# [The problem]
Find the line that contains "Senzor de miscare"; please output it and each line after it, exactly as shown, up to the end of the entries below, skipping pictures.

Extracted data entries:
:::::
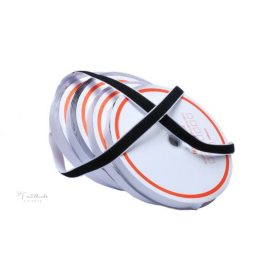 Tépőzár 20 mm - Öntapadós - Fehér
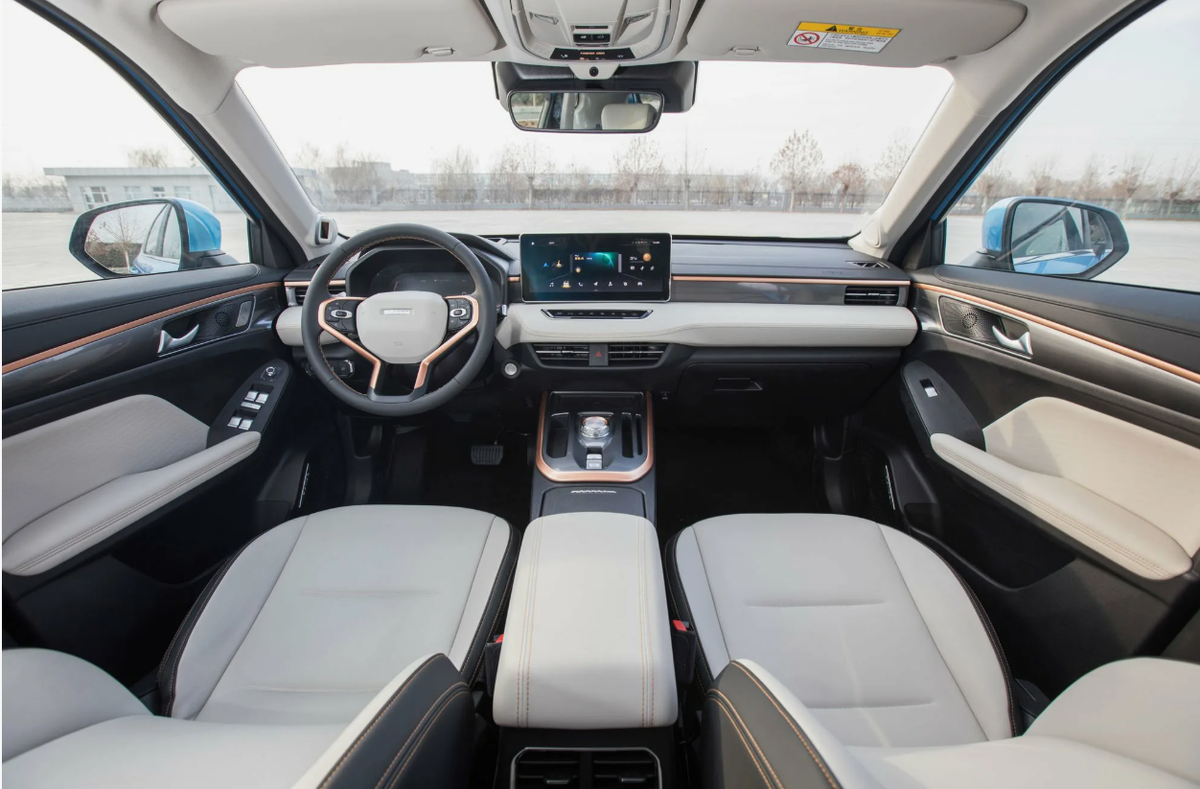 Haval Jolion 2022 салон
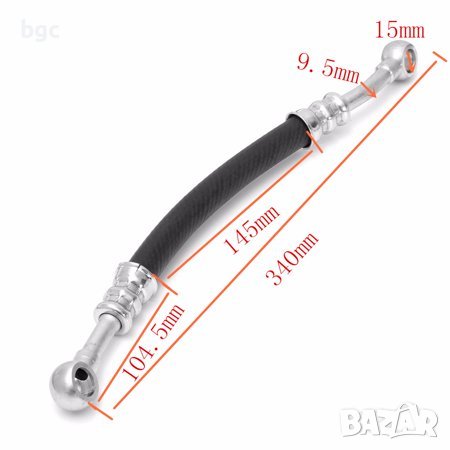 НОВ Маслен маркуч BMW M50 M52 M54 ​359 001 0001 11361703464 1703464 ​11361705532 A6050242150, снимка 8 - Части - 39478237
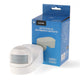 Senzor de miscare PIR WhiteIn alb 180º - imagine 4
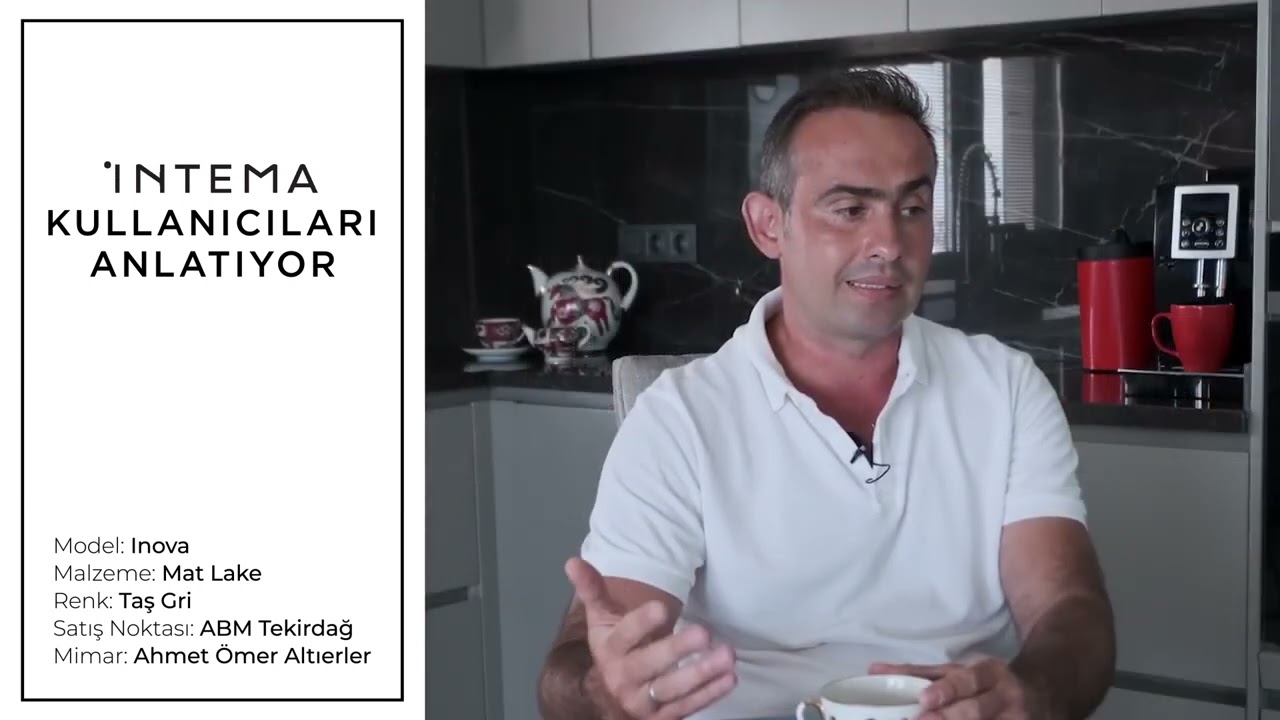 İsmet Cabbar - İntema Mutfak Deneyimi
:::::
# [Reply]
 Senzor de miscare PIR WhiteIn alb 180º - imagine 4
 İsmet Cabbar - İntema Mutfak Deneyimi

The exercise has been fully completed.